Banyak perusahaan yang meminjam uang pada perusahaan Negara asing dengan
tingkat bunga yang lumayan tinggi, hal itu menambah beban utang Negara. Pada
sisi lain merosotnya nilai tukar rupiah juga membawa hikmah. Secara umum
impor barang menurun tajam. Sebaliknya arus masuk turis asing akan lebih besar,
daya saing produk dalam negeri dengan tingkat kandungan impor rendah meningkat
sehingga bisa menahan impor dan merangsang ekspor khususnya yang berbasis
pertanian.
Dampak dari krisis moneter lebih banyak
yang negative dibandingkan dampak positifnya. Itu di karenakan krisis ini
mengganggu kesejahteraan masyarakat.
PENUTUP
Krisis
ekonomi yang di alami Indonesia telah berlangsung hampir dua tahun dan telah
berubah menjadi krisis ekonomi, yakni lumpuhnya kegiatan ekonomi karena semakin
banyak perusahaan yang tutup dan meningkatnya jumlah pekerja yang
menganggur.Pada Juni 1997, Indonesia terlihat jauh dari krisis. Tidak seperti
Thailand, Indonesia memiliki inflasi yang rendah, perdagangan surplus lebih
dari 900 juta dolar, persediaan mata uang luar yang besar, lebih dari 20 milyar
dolar, dan sektor bank yang baik.
Krisis
yang melanda bangsa Indonesia, menjadi awal terpuruknya sebuah negara dengan
kekayaan alam yang melimpah ini.Dari awal 1998, sejak era orde baru mulai
terlihat kebusukannya Indonesia terus mengalami kemerosotan, terutama dalam
bidang ekonomi.Nilai tukar semakin melemah, inflasi tak terkendali, juga pertumbuhan
ekonomi yang kurang berkembang di negara ini.Penyebab utama dari terjadinya
krisis yang berkepanjangan ini adalah merosotnya nilai tukar rupiah terhadap
dollar AS yang sangat tajam, meskipun ini bukan faktor satu-satunya, tetapi ada
banyak faktor lainnya yang berbeda menurut sisi pandang masing-masing pengamat.
Berbagai dampak Krisis Moneter timbul
di Indonesia.

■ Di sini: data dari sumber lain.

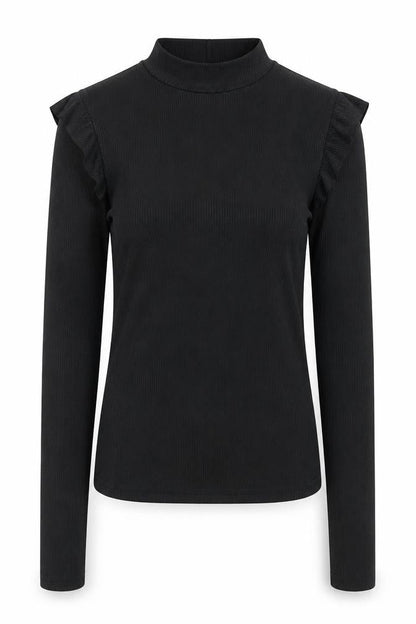 Womens UK Size 6 #LOTD Black Basic Blouse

Krisis Moneter membawa dampak yang kurang baik bagi Indonesia diantaranya adalah Banyak
perusahaan yang terpaksa mem-PHK pekerjanya dengan alasan tidak dapat membayar
upah para pekerjanya. Sehingga menambah angka pengangguran di Indonesia.
Pemerintah kesulitan menutup APBN. Harga barang yang naik cukup tinggi, yang
mengakibatkan masyrakat kesulitan mendapat barang-barang kebutuhan pokoknya.
Utang luar negeri dalam rupiah melonjak. Harga BBM naik. Maka dari itu dibutuhkan kemampuan
Pemerintah untuk mengatur perekonomian Indonesia.